# Newbie: Xterm help



## rjmagyar (Jul 13, 2005)

Hi,

I am new to Mac OS but am a long time linux and unix user.  I am running the X11 that was available on the Mac OS version 10.4 disk.  When I open an xterm and try to run application &, no new window pops up.  How do I enable this?  I'd like to run emacs, for example, in a new window.  Thanks, Rudy Magyar


----------



## digit9 (Aug 14, 2005)

You need to append the -DISPLAY flag at the end of your application. Most man pages document this flag.

Basically it's something like this
 AppName -DISPLAY 192.168.0.1:0.0


----------



## spb (Aug 14, 2005)

Are you sure about needing to set $DISPLAY ?

When I check I do not have $DISPLAY set, but I can type "open-x11 gimp" and it works just fine.

Frankly, I've also had many problems, getting the X applications to work as I want them to, but I've not found that the problem is associated with the DISPLAY variable.  

For example I've had problems getting remote x applications to tunnel with ssh.  I've set "xhost +", I've used the -X flag with ssh, and I've manally set $DISPLAY, but I've still had problems.


----------



## gentsch (Aug 16, 2005)

On other *ix's you may have to run xhost + to allow other X winders to pop on the host.
(xhost + is the least secure option, xhost +yourhostname is better)

My Mac is at home, so would have to actually try it and see if that indeed is the problem...
it may not be....seems like I have never had issues popping X on my mac...I do have to have the X11 program running, though, but if you alredy have an xterm up, and not a terminal you should be good.

Reply and let me know if I need to go dig on this.  I am assuming you figured it out since this post is a month or so old.

S


----------



## gentsch (Aug 16, 2005)

The display is a good point, as is the ssh -X (assuming your ssh config files allow it).

I somehow did not see the other responses before my post, so sorry....feels like Monday again.....terminal morning fog.


----------



## mambopanda (Aug 16, 2005)

spb said:
			
		

> Are you sure about needing to set $DISPLAY ?
> 
> When I check I do not have $DISPLAY set, but I can type "open-x11 gimp" and it works just fine.
> 
> ...



I believe he is talking about launching emacs from xterm(which is an x11 app that lets you access the shell), instead of from terminal. In that case the DISPLAY flag is the way to go.


----------



## rjmagyar (Nov 10, 2005)

I solved half of this problem.  I can run many applications from the X11 window without a problem, but for some reason emacs prefers to run in the xterminal.  I tried the display option and that failed.  Also, I used to use an "xterm -e" option in linux.  How do I get this to work?  Thanks, Rudy


----------



## artov (Nov 10, 2005)

rjmagyar said:
			
		

> I solved half of this problem.  I can run many applications from the X11 window without a problem, but for some reason emacs prefers to run in the xterminal.  I tried the display option and that failed.

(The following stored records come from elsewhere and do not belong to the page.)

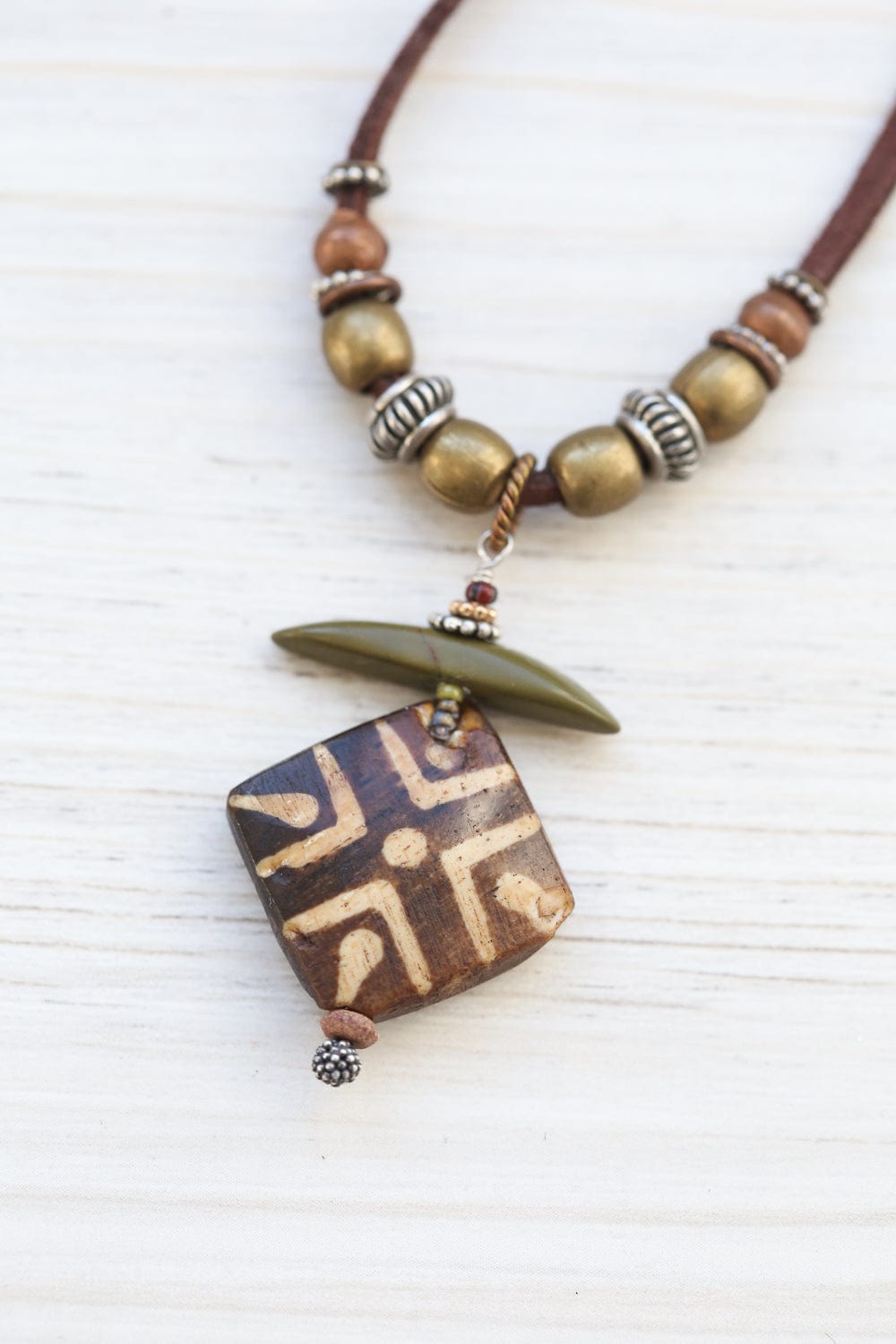 Antique Pumtek Journey Necklace - Handcrafted Tibetan Beaded Necklace for Women & Men - Spiritual Jewelry for Meditation, Yoga & Travel - Perfect Boho Accessory for Everyday Wear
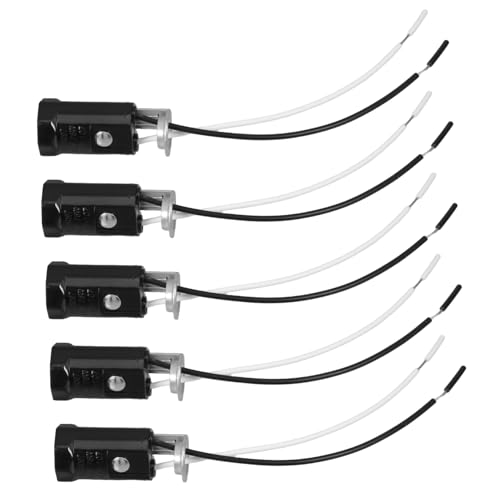 SOIMISS 5 Stück Lampenfassung Schlüssel Lose Fassung mit Kabel für LED Glühbirnen in Kronleuchtern und Wandleuchten Sicherheitsstandards Einfache Installation Langlebiges Material SOIMISS 5 Stück Lampenfassung Schlüssel Lose Fassung mit Kabel für LED Glühbirnen in Kronleuchtern und Wandleuchten Sicherheitsstandards Einfache Installation Langlebiges Material von SOIMISS
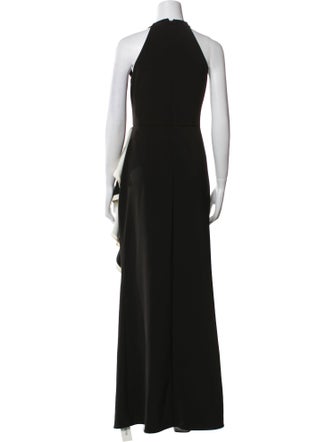 Parker Black Crew Neck Long Dress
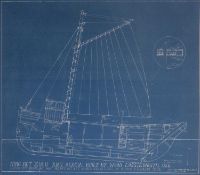 ‡ WILL MACLEAN MBE RSA RGI RSE HON D.LITT (Scottish, born 1941) screenprint - A.M.V. Acacia, signed,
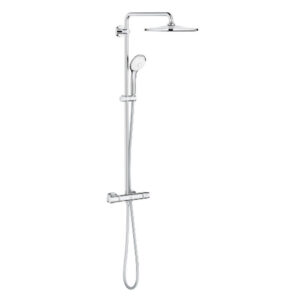 Grohe Euphoria Thermostatic Shower System CoolTouch Chrome 26075001 with 310mm Rain Head and 110mm Hand Shower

Are you sure you have X11 support compiled to your emacs? Normally
emacs uses X11 if it finds it, but if it has no X11 support, it will not even
try to search it.


----------



## phinsman (Nov 17, 2005)

Sorry if this is just way off, but make sure the X11 app is actually running.  I had all the xhost, DISPLAY, etc. set right, and I knew it, but I couldn't make anything work, until it dawned on me that X11 wasn't even running.

<sigh>
Dale


----------